AGENTES DA REPRESSÃO INVADEM CENTRO

Religiosos contam como militares atuavam - Reprodução

Em outro documento, dom Adriano comunica ao então Cardeal do Rio, dom Eugenio Sales, a invasão ao Centro de Formação de Líderes — que hoje abriga o acervo do bispo — por agentes da ditadura. A ação aconteceu em junho de 1977 e impediu a realização de um congresso durante o qual seria redigido um manifesto contra a ditadura militar: “(...) os que invadiram as dependências do Centro não quiseram identificar-se. Tomavam posição agressiva. Procuravam informar-se de tudo (...). Armados, portando inclusive metralhadora, anotando placas dos muitos carros que vinham ao Centro. (...) (Disseram) que estavam cumprindo ordens.”

— É um material de grande valor histórico para o país.

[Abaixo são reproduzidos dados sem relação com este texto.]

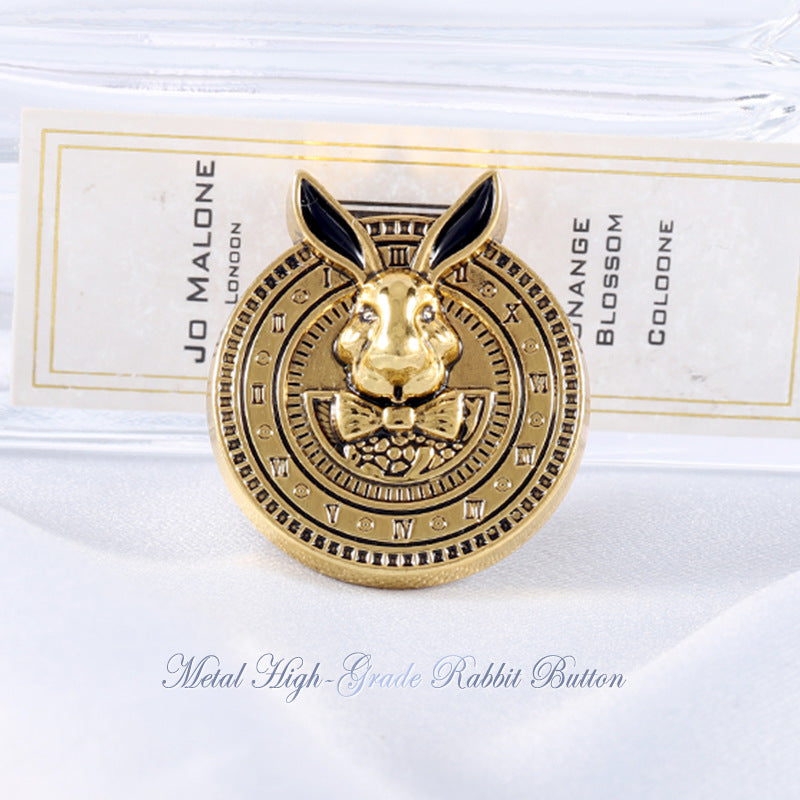 Gold-tone rabbit-head metal coat button with black enamel ears, decorative bow front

Foi dom Adriano que impulsionou o surgimento dos movimentos sociais — afirma o cientista político Paulo Baía, que conviveu com o bispo.

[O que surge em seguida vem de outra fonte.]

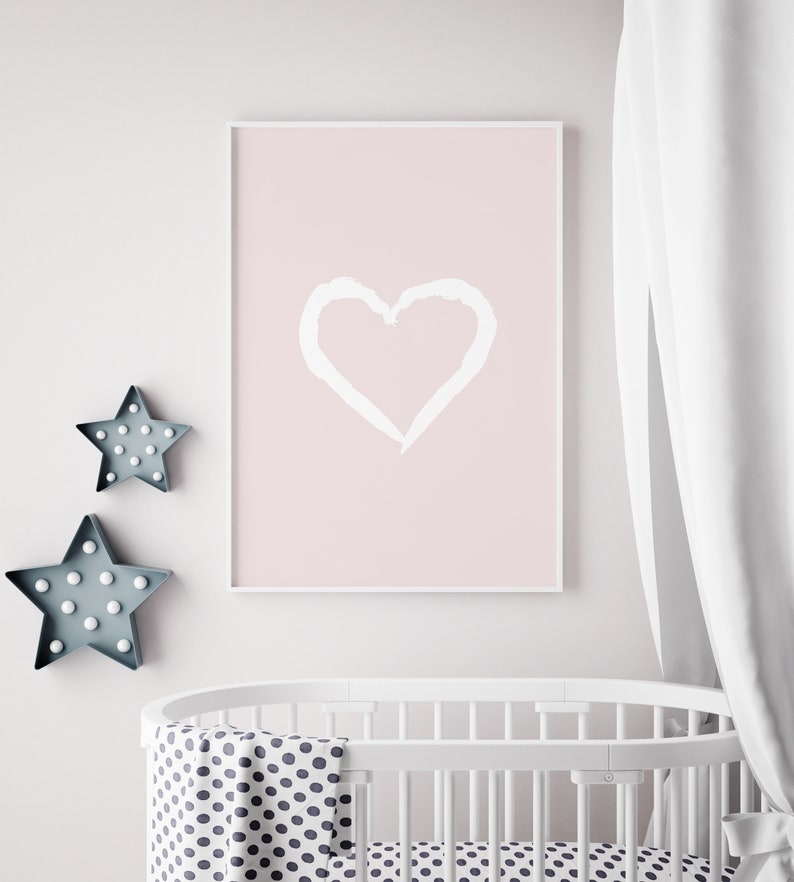 May include: A white framed poster with a pink background and a white hand-drawn heart in the center. The poster is hanging on a white wall above a white crib with a black and white polka dot sheet and blanket.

A luta pela democracia levou dom Adriano a ser sequestrado em 1976 por agentes da ditadura. Ele foi libertado com o corpo pintado de vermelho.

— Além do material político, há a produção de dom Adriano na literatura e na música. Ele era muito amigo do escritor Manuel Bandeira — acrescenta o diretor do acervo, Antonio Lacerda.